Can You Freeze Bread Dough After It's Already Risen?

There are few things that smell better than the aroma of freshly baked bread. And it isn't just the smell of homemade bread that has an appeal. Bread making requires you to work with your hands to mix, knead, shape, and in the case of scored loaves, mark the dough into an edible work of art. As delicious as the end result can be, and no matter how accomplished you may feel after making a loaf, it's often an endeavor that we can reserve for slow weekends at home since making bread from scratch takes some time.

One workaround is to make your dough in the evening, store it in the fridge overnight, and bake it the next day, as King Arthur details. And refrigerated bread dough will actually develop a richer flavor since it ferments while in the fridge. However, what if you have bread dough in your fridge, but your plans change and suddenly you aren't able to bake it the next day? The good news is you don't have to toss it out, you can put the dough in the freezer to make later, but there are some things you need to know before you do that.

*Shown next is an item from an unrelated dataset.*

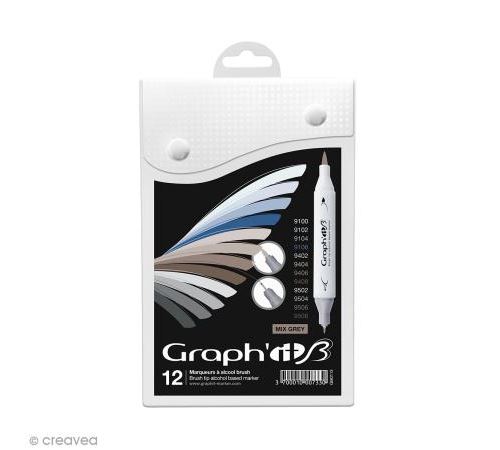 Set de 12 marqueurs graph'it brush mix greys - graph it
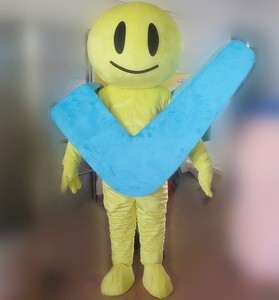 Custom made funny Correct symbol happy face mascot costume for adult soft plush yellow smiley happy face mascot costume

Timing is the key to success

Bread dough can be frozen, but the key is to make sure you place it in the freezer at the right time. As The Spruce Eats reports, a bread dough that's made using yeast can be frozen, as long as you've shaped it and it has gone through its first rise. This step is important and will determine the success of your bread, since according to Bob's Red Mill, ensuring the proper amount of time for a dough's rise is what gives bread its desired fluffy texture.

Some bread only requires one rise, such as English muffin dough, although many need a second rise. And MasterClass notes that frozen bread dough that's been through its first rise can rise a second time, it just needs to thaw first. If you don't have time to let your dough go through the first rise before freezing, Taste of Home reports that it is possible to bake bread from frozen dough that hasn't risen. 

The article cautions that the dough will need to thaw overnight in the fridge first, and then it will need to rest in a warm place to rise but know that this method means it can take up to two times as long for the dough to reach its first rise. So, no matter which method you opt for, putting the dough in the freezer means a freshly baked loaf of bread is always within reach.